Le opere su parti di proprietà esclusiva, il distacco dall’impianto di riscaldamento ed i poteri dell’assemblea

impianto-riscaldamentoChe cosa deve fare il condomino che intende distaccarsi dall’impianto di riscaldamento condominiale?

Per anni la giurisprudenza ha specificato che ciò era possibile senza preventivo parere affermativo dell’assemblea, salvo diversa indicazione del regolamento contrattuale, purché dall’operazione non derivasse notevole squilibrio termico nel funzionamento né aggravio di spese per i condomini (cfr., tra le tante, Cass. n. 5974/04).

La legge di riforma modificando l’art. 1118 c.c. ha sostanzialmente recepito questo orientamento.

Il primo periodo del quarto ed ultimo comma dell’art. 1118 c.c. (in vigore dal 18 giugno 2013) recita:

Il condomino può rinunciare all’utilizzo dell’impianto centralizzato di riscaldamento o di condizionamento, se dal suo distacco non derivano notevoli squilibri di funzionamento o aggravi di spesa per gli altri condomini.

In sostanza, il condomino che vuole distaccarsi dovrà essere in grado di dimostrare che dalla sua azione non derivi danno per l’impianto e quindi per i suoi vicini. In tal senso può considerarsi risolutiva una relazione tecnica (preferibilmente una così detta perizia giurata).

Ottenuta questa certificazione, che cosa bisogna fare?

Al riguardo, ad avviso di chi scrive, al di là delle eventuali disposizioni contenute nei vari regolamenti di condominio, è necessario darne comunicazione all’amministratore.

I motivi sono sostanzialmente due:

poiché si va ad intervenire su cose comuni è bene che il legale rappresentante sappia di quanto si sta andando a fare;
poiché l’intervento riguarderà anche parti di proprietà esclusiva (l’impianto a servizio dell’unità immobiliare), troverà applicazione l’art. 1122 c.c. che recita:

Nell’unità immobiliare di sua proprietà ovvero nelle parti normalmente destinate all’uso comune, che siano state attribuite in proprietà esclusiva o destinate all’uso individuale, il condomino non può eseguire opere che rechino danno alle parti comuni ovvero determinino pregiudizio alla stabilità, alla sicurezza o al decoro architettonico dell’edificio.
In ogni caso è data preventiva notizia all’amministratore che ne riferisce all’assemblea.

In pratica il condomino che intende distaccare il proprio impianto da quello centralizzato deve comunicarlo all’amministratore anche perché quest’ultimo possa riferirne all’assemblea.
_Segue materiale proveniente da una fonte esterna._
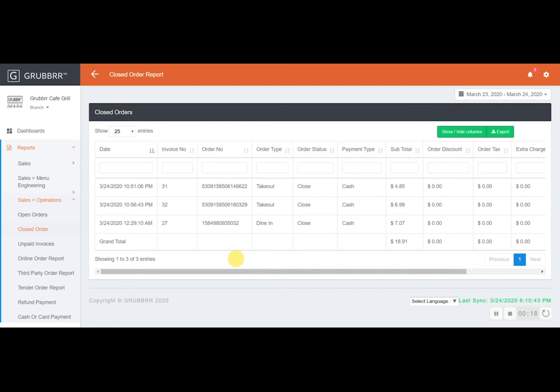So the closed orders report will show you all previously closed orders from all your ordering devices and channels. So everything is conveniently located in one spot.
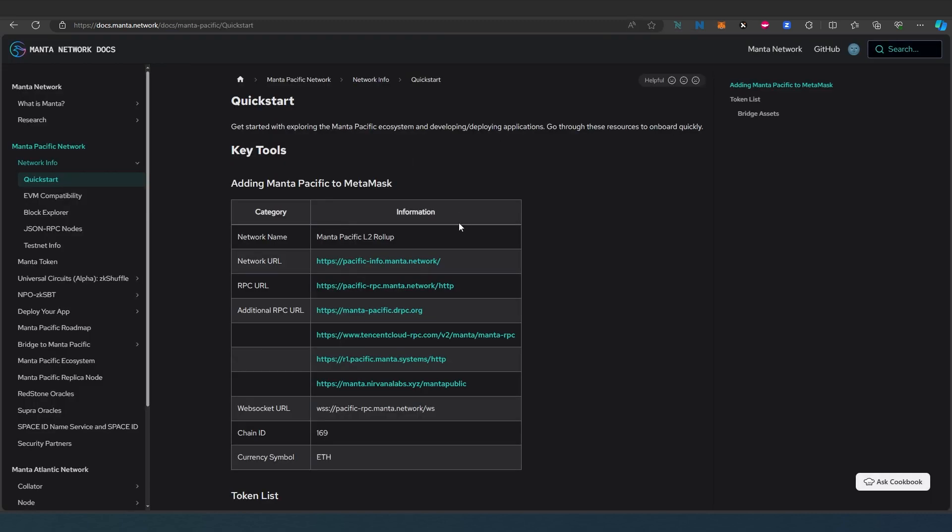You can go to this website and I'm going to leave the link in the description below as well and right here we just have to add manually network name, network URL, RPC URL, chain ID and currency symbol.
Il secondo comma dell’art. 1122 c.c. non specifica entro quanto tempo debba temersi l’assemblea condominiale e di conseguenza se nelle more il condomino debba attendere. Ad avviso di chi scrive, il condomino può iniziare subito i lavori. Chiaramente, se l’amministratore ha il fondato sospetto che l’opera possa essere lesiva dell’impianto condominiale (es. perché ci sono stati già altri distacchi) dovrà convocare quanto prima l’assemblea per la deliberazioni delle decisioni in merito.

Ad ogni buon conto, in casi simili l’amministratore, senza preventiva autorizzazione assembleare, può ricorrere al giudice con un’azione così detta di denuncia di nuova opera per ottenere la sospensione dei lavori.

In nessun caso l’assemblea può vietare l’esecuzione dei lavori, non essendo previsto un potere assembleare in tal senso. Deliberazioni del genere dovrebbero essere considerate nulle per lesione del diritto dei singoli sulle cose comuni.